Sri Lanka's war on aid workers

September 12, 2009

The communications chief for United Nations children's charity UNICEF, James Elder, has been given until September 21 to leave Sri Lanka for making statements critical of the government.

Elder, an Australian citizen, has been charged over claims he issued statements supporting the views of the Liberation Tigers of Tamil Eelam.

For nearly three decades, the LTTE waged an armed struggle for an independent homeland for the Tamil people in the north of Sri Lanka, before being defeated militarily in May.

Elder spoke out on multiple occasions about the shocking humanitarian crisis facing Tamil civilians in Sri Lanka. He told June 4 Australian: "The nutritional situation of children [in the camps] is a huge concern for Unicef, and restrictions on access hinder our ability to save lives."
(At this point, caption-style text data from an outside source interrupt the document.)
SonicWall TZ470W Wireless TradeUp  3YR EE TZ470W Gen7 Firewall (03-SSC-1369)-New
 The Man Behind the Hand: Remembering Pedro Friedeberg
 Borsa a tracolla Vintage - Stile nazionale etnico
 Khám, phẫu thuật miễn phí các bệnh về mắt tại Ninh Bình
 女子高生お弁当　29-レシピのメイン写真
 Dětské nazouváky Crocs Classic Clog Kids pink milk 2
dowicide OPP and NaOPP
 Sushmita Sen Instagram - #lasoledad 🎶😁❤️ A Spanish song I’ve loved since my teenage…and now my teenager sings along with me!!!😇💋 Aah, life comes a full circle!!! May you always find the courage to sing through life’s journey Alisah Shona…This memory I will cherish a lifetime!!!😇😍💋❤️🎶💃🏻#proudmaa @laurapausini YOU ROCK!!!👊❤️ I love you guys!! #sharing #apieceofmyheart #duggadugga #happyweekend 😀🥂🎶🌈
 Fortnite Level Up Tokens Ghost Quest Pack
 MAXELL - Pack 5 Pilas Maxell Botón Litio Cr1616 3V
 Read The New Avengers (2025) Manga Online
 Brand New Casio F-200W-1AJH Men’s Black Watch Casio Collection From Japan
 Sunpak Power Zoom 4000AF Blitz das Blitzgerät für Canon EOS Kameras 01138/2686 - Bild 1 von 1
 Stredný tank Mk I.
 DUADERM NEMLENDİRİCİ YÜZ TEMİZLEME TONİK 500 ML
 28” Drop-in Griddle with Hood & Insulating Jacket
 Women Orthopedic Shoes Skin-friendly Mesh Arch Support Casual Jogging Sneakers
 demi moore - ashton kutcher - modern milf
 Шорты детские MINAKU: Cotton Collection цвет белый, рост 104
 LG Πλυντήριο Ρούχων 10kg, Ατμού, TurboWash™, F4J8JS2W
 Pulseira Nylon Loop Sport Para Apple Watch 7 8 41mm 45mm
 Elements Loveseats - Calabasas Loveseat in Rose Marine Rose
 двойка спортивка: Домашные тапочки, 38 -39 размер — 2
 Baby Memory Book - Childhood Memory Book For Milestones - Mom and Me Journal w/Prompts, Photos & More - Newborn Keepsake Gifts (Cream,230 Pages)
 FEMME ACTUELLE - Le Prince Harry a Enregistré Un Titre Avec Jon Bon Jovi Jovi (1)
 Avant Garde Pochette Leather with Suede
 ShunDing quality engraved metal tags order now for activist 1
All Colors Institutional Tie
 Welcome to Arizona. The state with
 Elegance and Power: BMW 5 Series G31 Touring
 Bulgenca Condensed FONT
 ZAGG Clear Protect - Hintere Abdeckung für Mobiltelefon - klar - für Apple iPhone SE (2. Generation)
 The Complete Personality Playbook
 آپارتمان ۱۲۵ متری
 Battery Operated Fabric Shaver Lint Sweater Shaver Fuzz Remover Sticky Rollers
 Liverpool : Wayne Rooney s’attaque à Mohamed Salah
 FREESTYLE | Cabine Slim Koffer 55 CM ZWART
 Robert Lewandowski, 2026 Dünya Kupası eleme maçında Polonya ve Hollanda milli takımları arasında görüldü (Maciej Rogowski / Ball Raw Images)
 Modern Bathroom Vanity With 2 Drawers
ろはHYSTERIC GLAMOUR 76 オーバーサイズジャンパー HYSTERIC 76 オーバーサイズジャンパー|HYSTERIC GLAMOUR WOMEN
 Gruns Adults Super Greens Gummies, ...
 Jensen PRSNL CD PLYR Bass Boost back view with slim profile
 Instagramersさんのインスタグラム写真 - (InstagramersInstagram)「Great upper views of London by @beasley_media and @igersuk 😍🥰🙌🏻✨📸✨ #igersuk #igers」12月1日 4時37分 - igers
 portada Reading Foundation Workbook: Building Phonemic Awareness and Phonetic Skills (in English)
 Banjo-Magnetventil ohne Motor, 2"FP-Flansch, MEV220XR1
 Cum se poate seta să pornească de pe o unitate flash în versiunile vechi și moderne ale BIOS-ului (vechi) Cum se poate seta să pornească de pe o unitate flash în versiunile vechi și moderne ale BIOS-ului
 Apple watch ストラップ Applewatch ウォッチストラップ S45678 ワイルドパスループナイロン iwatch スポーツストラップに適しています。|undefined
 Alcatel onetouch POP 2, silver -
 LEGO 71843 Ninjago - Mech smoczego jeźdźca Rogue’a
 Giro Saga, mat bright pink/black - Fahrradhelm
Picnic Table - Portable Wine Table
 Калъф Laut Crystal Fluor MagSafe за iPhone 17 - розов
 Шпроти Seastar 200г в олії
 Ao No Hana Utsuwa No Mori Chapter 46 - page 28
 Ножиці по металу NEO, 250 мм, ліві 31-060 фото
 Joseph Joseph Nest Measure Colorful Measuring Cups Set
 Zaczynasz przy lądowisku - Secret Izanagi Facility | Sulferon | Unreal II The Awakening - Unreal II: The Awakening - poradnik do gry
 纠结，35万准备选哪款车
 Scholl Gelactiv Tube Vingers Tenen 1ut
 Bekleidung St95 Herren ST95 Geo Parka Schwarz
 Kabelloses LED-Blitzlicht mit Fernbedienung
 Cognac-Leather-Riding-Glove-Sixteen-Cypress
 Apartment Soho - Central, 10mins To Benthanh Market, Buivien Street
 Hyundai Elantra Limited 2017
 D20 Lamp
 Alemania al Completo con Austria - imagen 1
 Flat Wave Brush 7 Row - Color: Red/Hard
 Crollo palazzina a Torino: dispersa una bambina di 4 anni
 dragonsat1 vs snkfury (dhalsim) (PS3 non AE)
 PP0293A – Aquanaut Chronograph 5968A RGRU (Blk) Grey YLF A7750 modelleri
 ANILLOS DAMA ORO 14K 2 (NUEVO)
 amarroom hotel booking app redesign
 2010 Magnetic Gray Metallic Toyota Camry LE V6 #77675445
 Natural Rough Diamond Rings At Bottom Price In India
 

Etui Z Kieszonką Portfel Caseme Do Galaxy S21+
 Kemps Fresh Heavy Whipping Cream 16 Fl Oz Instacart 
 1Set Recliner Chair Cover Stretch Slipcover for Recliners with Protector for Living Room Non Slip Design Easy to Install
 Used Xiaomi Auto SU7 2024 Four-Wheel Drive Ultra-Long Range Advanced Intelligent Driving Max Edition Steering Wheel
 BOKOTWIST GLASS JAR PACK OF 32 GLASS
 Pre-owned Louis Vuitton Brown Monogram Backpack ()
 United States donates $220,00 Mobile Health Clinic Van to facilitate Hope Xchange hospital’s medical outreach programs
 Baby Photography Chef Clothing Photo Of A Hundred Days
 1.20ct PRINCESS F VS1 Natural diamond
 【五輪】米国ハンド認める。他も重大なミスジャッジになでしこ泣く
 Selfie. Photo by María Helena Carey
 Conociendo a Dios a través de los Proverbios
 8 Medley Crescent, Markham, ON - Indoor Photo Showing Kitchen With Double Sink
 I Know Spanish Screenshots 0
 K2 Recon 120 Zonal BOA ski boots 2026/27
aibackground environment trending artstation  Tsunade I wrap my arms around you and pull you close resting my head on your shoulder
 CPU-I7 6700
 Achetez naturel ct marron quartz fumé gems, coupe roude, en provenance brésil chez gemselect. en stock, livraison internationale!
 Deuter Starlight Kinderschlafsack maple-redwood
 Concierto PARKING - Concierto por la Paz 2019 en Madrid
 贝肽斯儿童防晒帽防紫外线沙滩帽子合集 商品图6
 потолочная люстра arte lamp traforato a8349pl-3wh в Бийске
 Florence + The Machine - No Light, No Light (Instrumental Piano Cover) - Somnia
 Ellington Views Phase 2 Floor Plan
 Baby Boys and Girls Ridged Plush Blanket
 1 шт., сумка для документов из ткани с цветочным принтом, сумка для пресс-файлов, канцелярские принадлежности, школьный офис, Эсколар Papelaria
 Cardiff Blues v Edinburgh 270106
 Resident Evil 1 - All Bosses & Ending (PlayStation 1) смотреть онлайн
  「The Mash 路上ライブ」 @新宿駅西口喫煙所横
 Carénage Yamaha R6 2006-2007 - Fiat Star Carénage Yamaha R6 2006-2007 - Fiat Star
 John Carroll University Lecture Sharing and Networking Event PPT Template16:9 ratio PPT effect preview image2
For these kind of statements, he was labelled an LTTE sympathiser and enemy of the state.

Former Australian diplomat turned Sri Lankan foreign secretary Palitha Kohona accused Elder of being biased in favour of the LTTE. "Mr Elder was doing propaganda in support of the LTTE", Kohona told AFP on September 6.

Elder's expulsion continues Sri Lanka's long-running war on aid organisations, who are routinely banned from access to internment camps and other disaster areas by the Sri Lankan authorities.

UNICEF's attempts to appease the Sri Lankan authorities have failed to free them from state harassment. UNICEF has been involved in supporting, with the Sri Lankan government, controversial internment camps and "rehabilitation" centres for Tamil civilians.

But UNICEF has itself admitted to often being denied access to these facilities.

Many aid workers fear speaking out about conditions facing Tamil civilians, as this often means deportation and can jeopardise their aid programs.

Philip Alston, the UN's special rapporteur on extrajudicial, summary or arbitrary executions, told Al Jazeera on September 1: "I think the United Nations is in a difficult situation in the sense that it's really a grouping of states and the government of Sri Lanka has been very effective in terms of garnering the support of a large number of states and that does seem to have made the UN rather reluctant to speak out on these issues."

On July 9, Sri Lanka called on international relief organisations to scale down their operations in the country. This is despite the fact that more than 250,000 Tamils languish in overpopulated internment camps and many more remain in "rehabilitation centres" for their alleged involvement with the LTTE.

For a government that continues to lie about its involvement in the deaths of large numbers of civilians and continuing disasterous conditions in their so-called welfare camps, this response is not surprising. The attacks on aid workers is simply another piece of the Sri Lankan regime's wider war on dissent.